After a long day of sightseeing, we headed back to cozy Tavel and to our room at the Auberge du Tavel. We spent some time at the pool, and as we read the owners were busily preparing the tables for dinner. When we booked our room, we had heard of the hotel through trip advisor, but as we got closer to our stay, surprisingly it was written up in the NY Times! The writer had eaten lunch at our cute little hotel. Needless to say, I was looking forward to our dinner. We knew it would be delicious, but were not prepared for the level of culinary skill and beauty this meal would entail.
To start, we ordered a flight of rose.
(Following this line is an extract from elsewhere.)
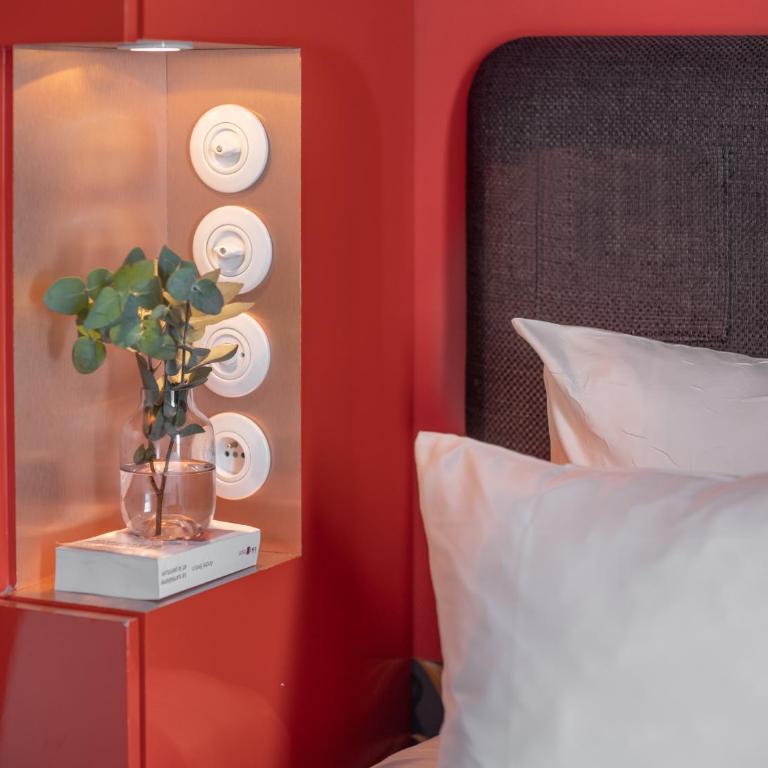 Hôtel Exquis - Double Room - Intemporelle - 6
Each wine from the region was paired with a course of our meal and gave the opportunity to see the subtle differences in the terriors of Tavel. The dinner was a coursed tasting menu. To begin, the escargot served out of shell, sauteed, and over small glasses of different creme sauces, one with basil, one traditional, and one that seemed to be red pepper.
Our other appetizer was a take on a pate served with amazing strawberry glaze and toasted bread. The flavors of the rich pate were accented by the tangy strawberries for a memorable taste.
Our main courses were roasted pork tenderloin served with a roasted eggplant, rather like an open face ratatouille and a roasted fish Provencal. To settle our stomachs, we were served a mini creme brulee served inside of an egg shell and this was followed by a delicious French take on what I would call a strawberry shortcake, featuring basil ice cream!
As we sat in the tiny courtyard, we dreamed of meals like this every night, relaxing with good company from gracious hosts, to a friendly Englishman at the adjacent table. The Auberge is well worth a stay for its large well appointed rooms and perfect location for wine tasting and visiting several of the larger cities in Provence, but I would go back again simply for its beautiful and deliciously unpretentious food.